THE GREAT CAT: POEMS ABOUT CATS edited by Emily Fragos
The feline has inspired poetic adoration since the days of the pharaohs, and the poems collected here cover an astonishing range of periods, cultures, and styles. Poets across the continents and centuries have described the feline family–from kittens to old toms, pussycats to panthers–doing what they do best: sleeping, prowling, prancing, purring, sleeping some more, and gazing disdainfully at lesser beings like ourselves. Here are Yeats’s Minnaloushe, Christopher Smart’s Jeoffry, Lewis Carroll’s Cheshire Cat, T. S. Eliot’s Rum Tum Tugger, William Blake’s tyger and Rilke’s panther. Here are tributes from Sufi mystics, medieval Chinese poets, and haiku masters of imperial Japan, from Chaucer, Shelley, Borges, Neruda, Dickinson, and Shakespeare. Here are the cats of Mother Goose, and the one who wore the hat for Dr. Seuss.
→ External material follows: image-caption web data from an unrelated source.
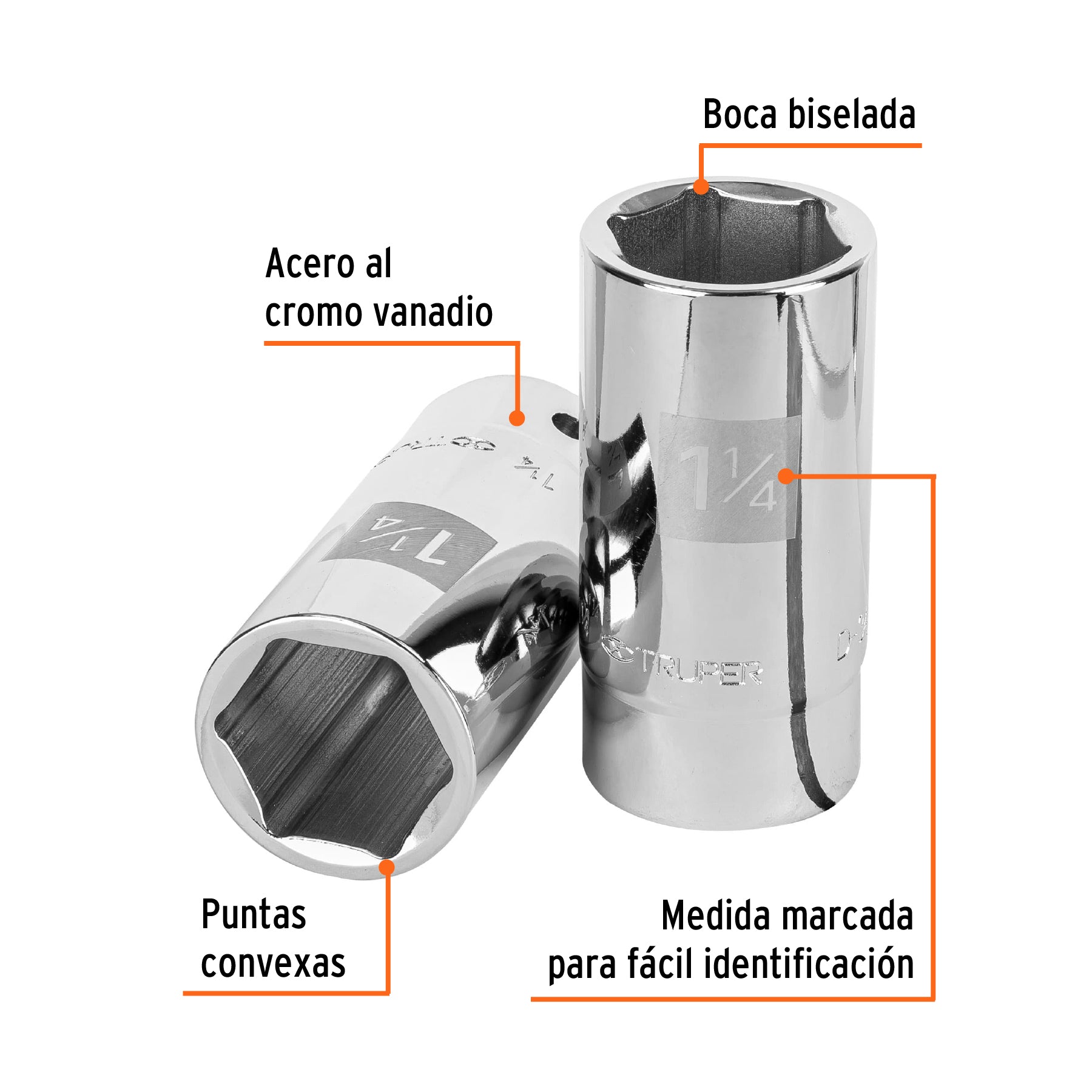 Dado largo de 1-1/4", 6 puntas, cuadro 3/4", TRUPER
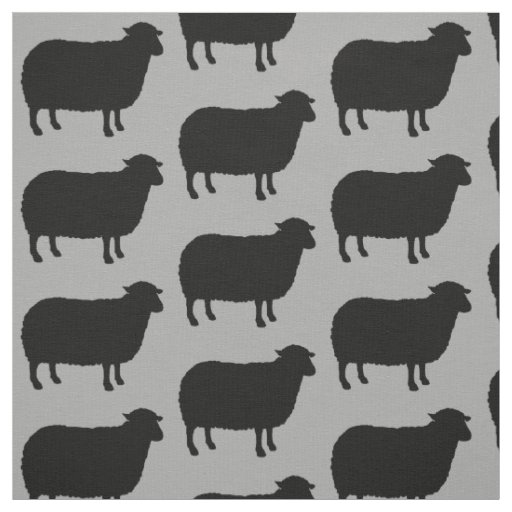 Black Sheep Silhouettes Patterned Fabric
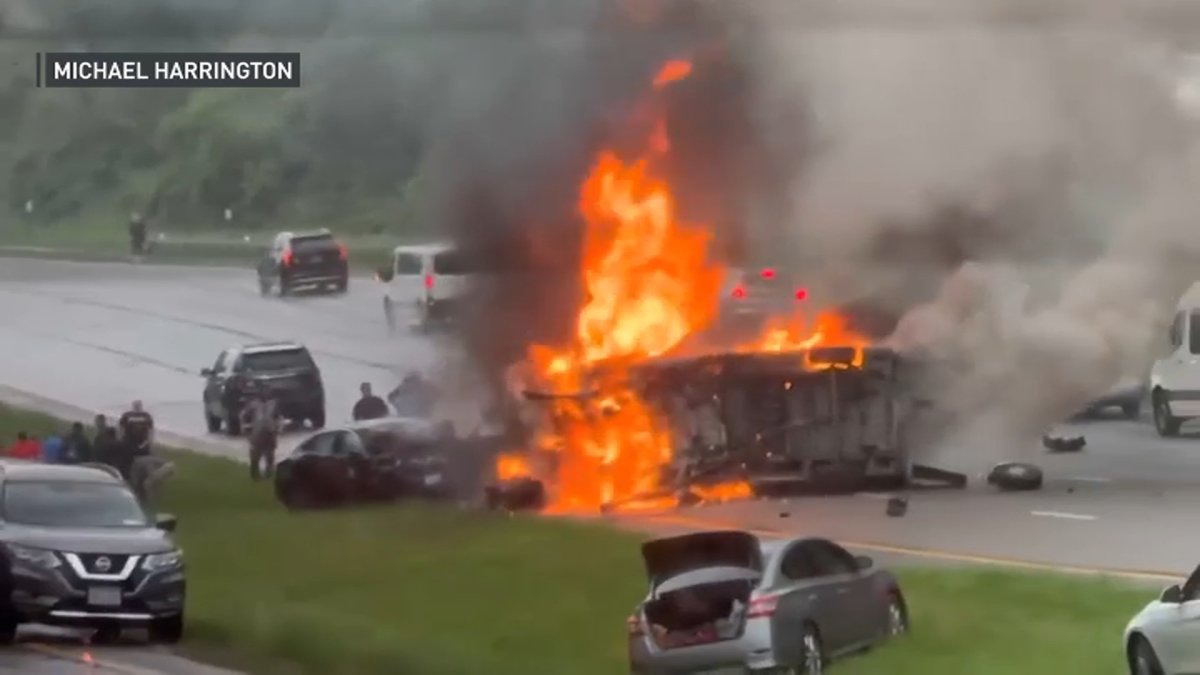 Four people were killed in a fiery crash along the Taconic State Parkway in New York after a van crossed over the median and slammed into an oncoming car, according to police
EAT, DRINK, AND BE MERRY: POEMS ABOUT FOOD AND DRINK edited by Peter Washington
All kinds of foods and beverages are laid out in these pages, along with picnics and banquets, intimate suppers and quiet dinners, noisy parties and public celebrations–in poems by Horace, Catullus, Hafiz, Rumi, Rilke, Moore, Nabokov, Updike, Mandelstam, Stevens, and many others. From Sylvia Plath’s ecstatic vision of juice-laden berries in “Blackberrying” to D. H. Lawrence’s lush celebration of “Figs,” from the civilized comfort of Noël Coward’s “Something on a Tray” to the salacious provocation of Swift’s “Oysters,” from Li Po on “Drinking Alone” to Baudelaire on “The Soul of the Wine,” and from Emily Dickinson’s “Forbidden Fruit” to Elizabeth Bishop’s “A Miracle for Breakfast,” Eat, Drink, and Be Merry serves up a tantalizing and variegated literary feast.
COMIC POEMS edited by Peter Washington
This treasury of humorous poems brings together a sparkling constellation of witty poets–from Lord Rochester to Lewis Carroll, from Edward Lear to Ogden Nash, from Dorothy Parker to W. H. Auden–and embraces a wide range of forms, including limericks, clerihews, ballads, sonnets, and nonsense verse.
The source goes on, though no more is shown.